## RECORDS FOR THIS EXERCISE
======

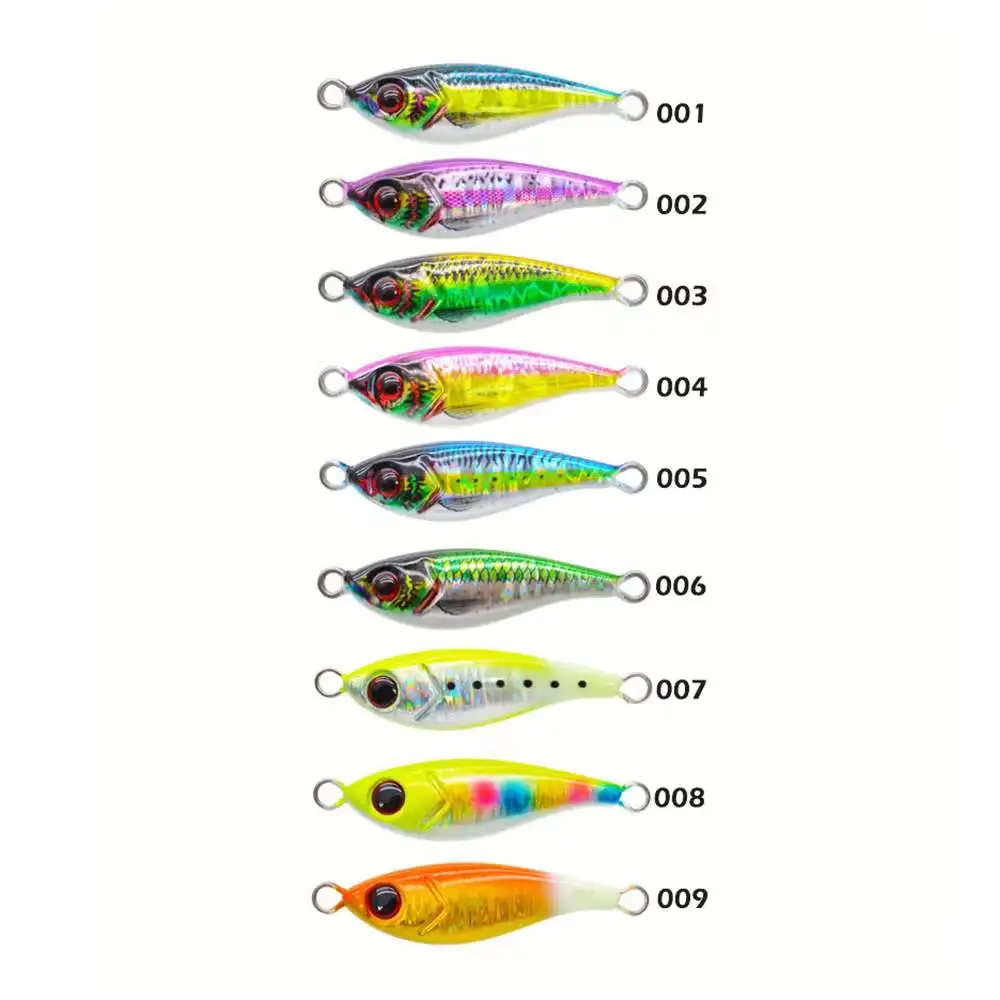 Anzuelos de Metal de 20g, 30g, 40g, brillo lento, impresión 3D, para pesca de orilla Cast, Jigging Spoon, cebo para pesca de lubina, trucha, agua salada, señuelos Jigging - imagen 2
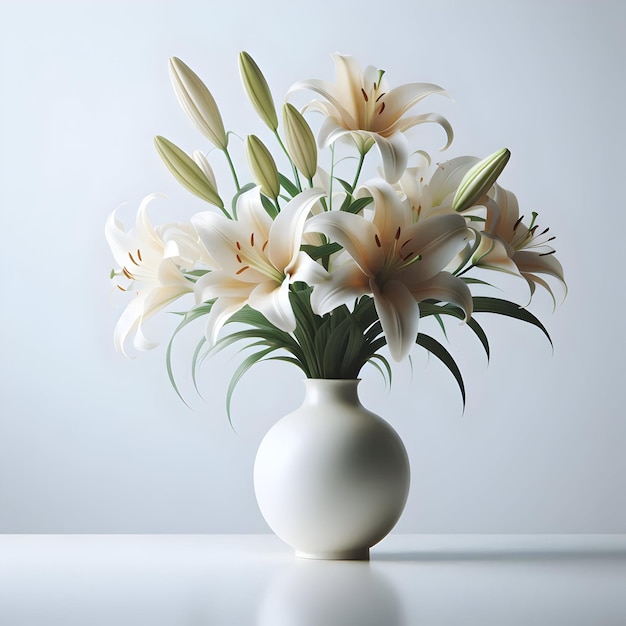 A vase of elegant lilies admired for their beauty and fragrance isolated on a plain serene white b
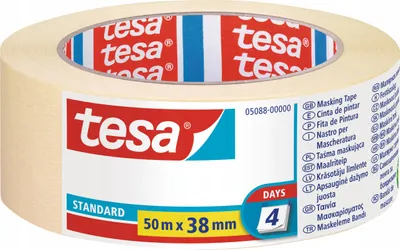 Zdjęcie produktu dla TESA Standard, Taśma maskująca malarska, Papier, Biały, Uniwersalne, 2 dni, 50 m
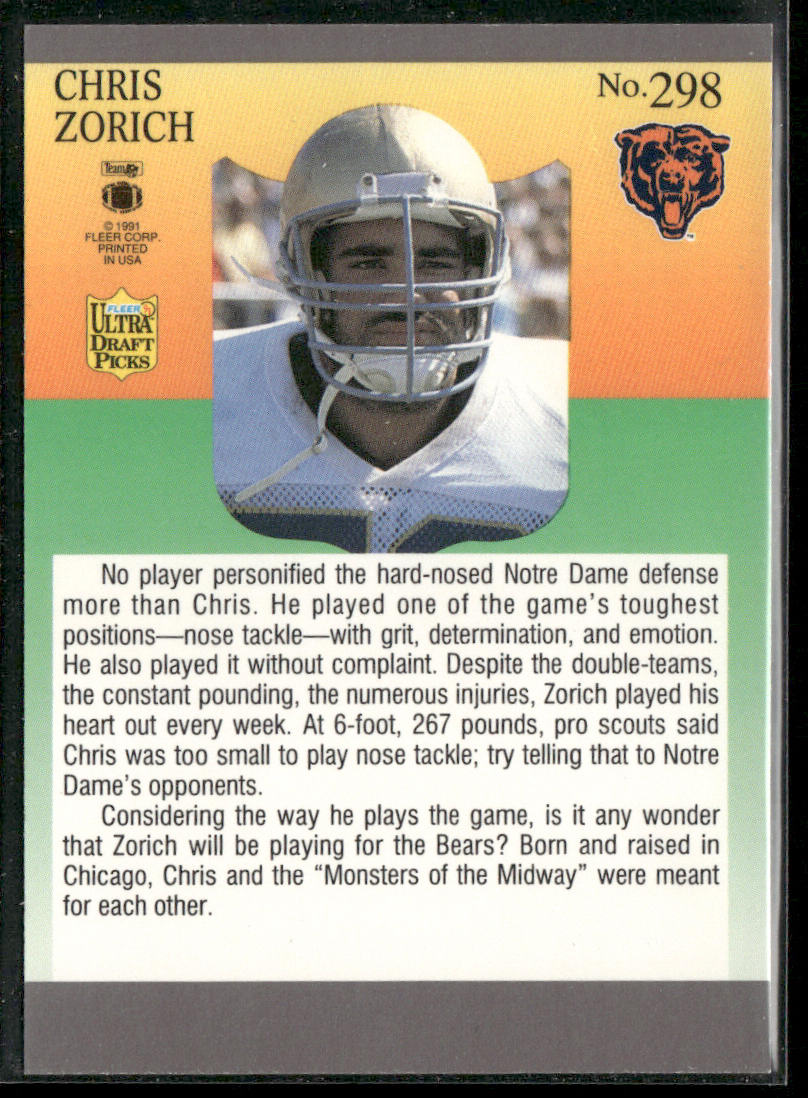 Chris Zorich 1991 Ultra #298b RC Chicago Bears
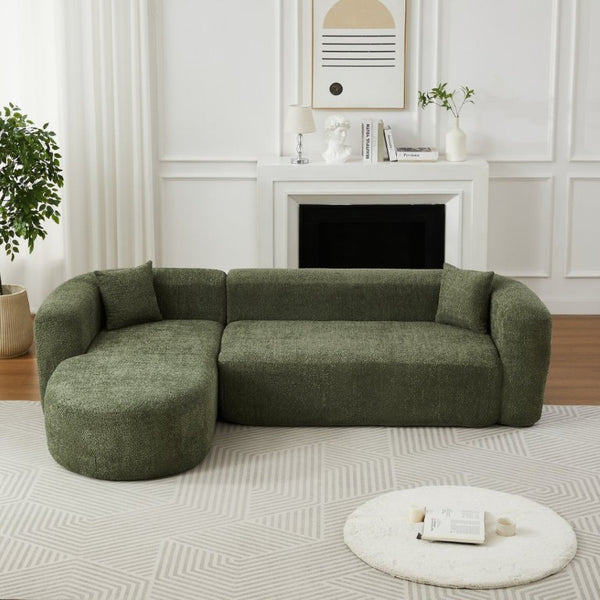 English Elm Video]109.4 Inch Modular L-Shape Chenille Sectional Cloud Couch for Open Living Rooms Green W3505S00075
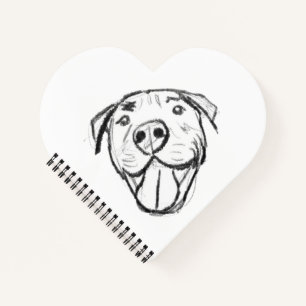 einfache Pitbull-Zeichnung für Hunde-Liebhaber in Notizbuch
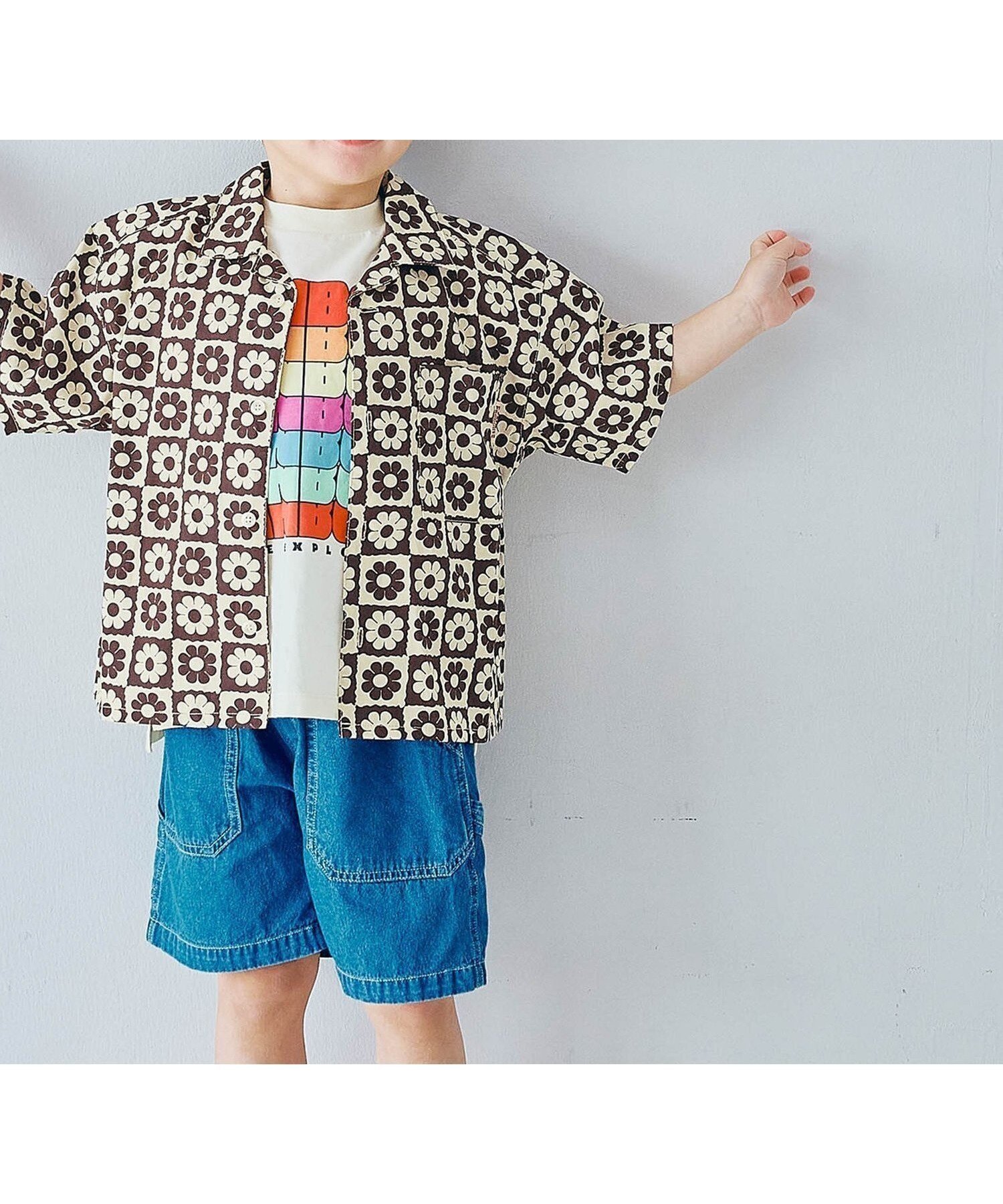 【エフオー オンラインストア/F.O.Online Store / KIDS】のイロチ買いしたい総柄半袖開襟シャツ リンク インテリア・キッズ・メンズ・レディースファッション・服の通販 founy(ファウニー) 　ファッション　Fashion　キッズファッション　Fashion for Kids　おすすめ　Recommended / Our Picks　フレア　Flare, Flared　半袖　Short Sleeve, Half Sleeve　夏　Summer　ブラウン|ID: prp329100004983704 ipo3291000000037333636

======

Using the records above, return verbatim only the part that opens with the line containing "A vase of elegant" and closes with the line containing "English Elm Video]109.4"; pictures stay out.

 A vase of elegant lilies admired for their beauty and fragrance isolated on a plain serene white b
 Zdjęcie produktu dla TESA Standard, Taśma maskująca malarska, Papier, Biały, Uniwersalne, 2 dni, 50 m
 Chris Zorich 1991 Ultra #298b RC Chicago Bears
 English Elm Video]109.4 Inch Modular L-Shape Chenille Sectional Cloud Couch for Open Living Rooms Green W3505S00075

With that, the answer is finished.